Limitations & Future Work

  • Still reliant on the SDS paradigm: inherits SDS's inherently slow optimization (requiring thousands of steps), making it unsuitable for real-time applications.
  • Upper-bounded by image conditioner capability: if IP-Adapter/ControlNet exhibits poor inversion capability for certain rendering styles, source estimation quality degrades (which motivates the Filter strategy).
  • No comparison with feed-forward 3D generation methods: the T3Bench evaluation only compares against SDS variants, lacking comparison with 3D-native generative models.
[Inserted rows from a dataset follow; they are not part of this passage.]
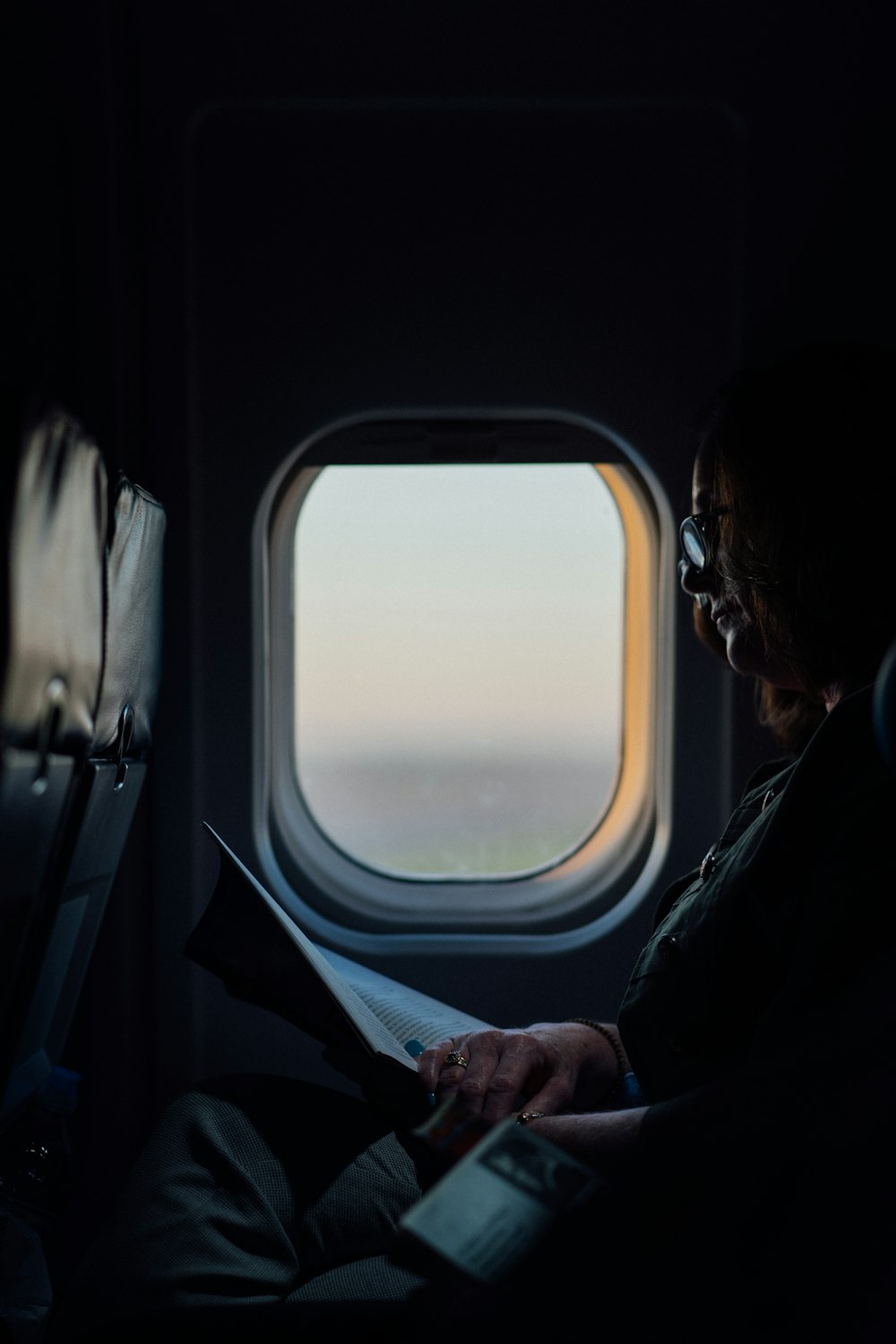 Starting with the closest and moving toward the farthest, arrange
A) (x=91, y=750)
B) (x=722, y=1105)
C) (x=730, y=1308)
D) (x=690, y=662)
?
1. (x=730, y=1308)
2. (x=722, y=1105)
3. (x=91, y=750)
4. (x=690, y=662)

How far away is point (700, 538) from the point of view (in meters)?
1.41

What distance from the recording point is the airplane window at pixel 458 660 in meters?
1.92

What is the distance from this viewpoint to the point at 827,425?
1.18 meters

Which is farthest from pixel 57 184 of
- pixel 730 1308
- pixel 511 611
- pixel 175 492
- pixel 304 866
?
pixel 730 1308

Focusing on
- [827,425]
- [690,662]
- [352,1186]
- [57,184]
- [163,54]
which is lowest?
[352,1186]

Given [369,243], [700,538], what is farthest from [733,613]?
[369,243]

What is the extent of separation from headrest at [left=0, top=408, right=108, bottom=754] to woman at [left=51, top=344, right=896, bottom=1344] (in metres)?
0.48

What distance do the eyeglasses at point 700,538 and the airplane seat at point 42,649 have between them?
30.8 inches

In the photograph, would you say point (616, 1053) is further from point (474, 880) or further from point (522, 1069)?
point (474, 880)

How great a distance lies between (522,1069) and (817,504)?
2.50 ft

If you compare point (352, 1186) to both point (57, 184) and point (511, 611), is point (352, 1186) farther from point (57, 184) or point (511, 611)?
point (57, 184)

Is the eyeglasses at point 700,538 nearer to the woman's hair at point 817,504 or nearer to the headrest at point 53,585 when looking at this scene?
the woman's hair at point 817,504

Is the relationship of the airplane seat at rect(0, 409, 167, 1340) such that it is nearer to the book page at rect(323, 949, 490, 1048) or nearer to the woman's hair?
the book page at rect(323, 949, 490, 1048)

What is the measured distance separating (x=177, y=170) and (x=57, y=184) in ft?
0.62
  • vs. VSD (ProlificDreamer): VSD trains a LoRA-based particle distribution model to approximate the source distribution, incurring high computational overhead (4 models). AnchorDS directly conditions on the rendered image with zero additional models and achieves superior performance.
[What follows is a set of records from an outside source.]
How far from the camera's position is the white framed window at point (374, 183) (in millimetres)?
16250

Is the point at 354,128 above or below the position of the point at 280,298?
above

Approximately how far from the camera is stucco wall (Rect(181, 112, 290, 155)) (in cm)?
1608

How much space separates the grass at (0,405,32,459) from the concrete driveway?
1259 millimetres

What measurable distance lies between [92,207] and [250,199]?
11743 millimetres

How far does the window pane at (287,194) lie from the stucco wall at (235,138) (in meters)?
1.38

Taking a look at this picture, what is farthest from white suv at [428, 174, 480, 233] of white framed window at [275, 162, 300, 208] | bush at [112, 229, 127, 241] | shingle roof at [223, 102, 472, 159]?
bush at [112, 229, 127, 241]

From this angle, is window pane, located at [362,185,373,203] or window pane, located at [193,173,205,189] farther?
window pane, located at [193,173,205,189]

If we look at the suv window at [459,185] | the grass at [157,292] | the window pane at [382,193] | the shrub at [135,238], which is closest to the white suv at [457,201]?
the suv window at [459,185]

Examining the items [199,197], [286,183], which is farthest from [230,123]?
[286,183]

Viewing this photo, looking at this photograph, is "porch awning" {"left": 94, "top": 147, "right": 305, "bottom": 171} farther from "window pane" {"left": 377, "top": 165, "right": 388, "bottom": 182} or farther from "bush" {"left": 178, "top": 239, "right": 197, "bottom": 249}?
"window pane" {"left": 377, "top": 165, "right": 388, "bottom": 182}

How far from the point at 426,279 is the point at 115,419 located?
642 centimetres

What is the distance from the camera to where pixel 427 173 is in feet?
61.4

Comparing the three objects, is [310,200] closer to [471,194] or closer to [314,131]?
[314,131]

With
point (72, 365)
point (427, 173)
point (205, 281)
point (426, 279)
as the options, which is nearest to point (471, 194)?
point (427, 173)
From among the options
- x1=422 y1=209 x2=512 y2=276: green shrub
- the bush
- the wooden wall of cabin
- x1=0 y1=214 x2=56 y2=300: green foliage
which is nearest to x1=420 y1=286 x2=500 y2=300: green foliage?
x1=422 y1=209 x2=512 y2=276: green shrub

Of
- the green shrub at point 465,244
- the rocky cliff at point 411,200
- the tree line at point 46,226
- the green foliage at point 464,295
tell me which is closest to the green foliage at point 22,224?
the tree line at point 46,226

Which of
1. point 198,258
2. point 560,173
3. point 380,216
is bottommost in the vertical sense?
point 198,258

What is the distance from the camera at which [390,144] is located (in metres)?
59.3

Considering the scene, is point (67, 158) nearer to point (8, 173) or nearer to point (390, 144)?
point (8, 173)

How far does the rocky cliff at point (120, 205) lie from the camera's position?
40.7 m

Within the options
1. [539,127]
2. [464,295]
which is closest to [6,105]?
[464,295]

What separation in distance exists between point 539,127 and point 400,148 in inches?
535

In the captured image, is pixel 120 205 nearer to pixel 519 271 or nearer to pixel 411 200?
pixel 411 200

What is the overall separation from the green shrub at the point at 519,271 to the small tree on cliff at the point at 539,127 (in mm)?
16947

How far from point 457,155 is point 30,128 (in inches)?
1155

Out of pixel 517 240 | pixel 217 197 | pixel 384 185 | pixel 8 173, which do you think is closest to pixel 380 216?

  • vs. SDS-Bridge: SDS-Bridge corrects source bias via hand-crafted negative prompts describing the 3D state, introducing new biases. AnchorDS lets the model directly "see" the current rendering, introducing no additional bias.
  • vs. DDS: DDS also uses a reference image but requires a paired reference prompt and serves a different purpose. AnchorDS acquires its image condition automatically (the current rendering).

Rating

  • Novelty: ⭐⭐⭐⭐ In-depth analysis of the source distribution problem in SDS; method is elegant and concise.
  • Experimental Thoroughness: ⭐⭐⭐⭐ T3Bench + human evaluation + ablation + multi-baseline comparison.
  • Writing Quality: ⭐⭐⭐⭐⭐ Analysis and derivations are clear, figures are intuitive, and the logical chain is complete.
  • Value: ⭐⭐⭐⭐ A significant improvement within the SDS framework; the method is simple and reproducible.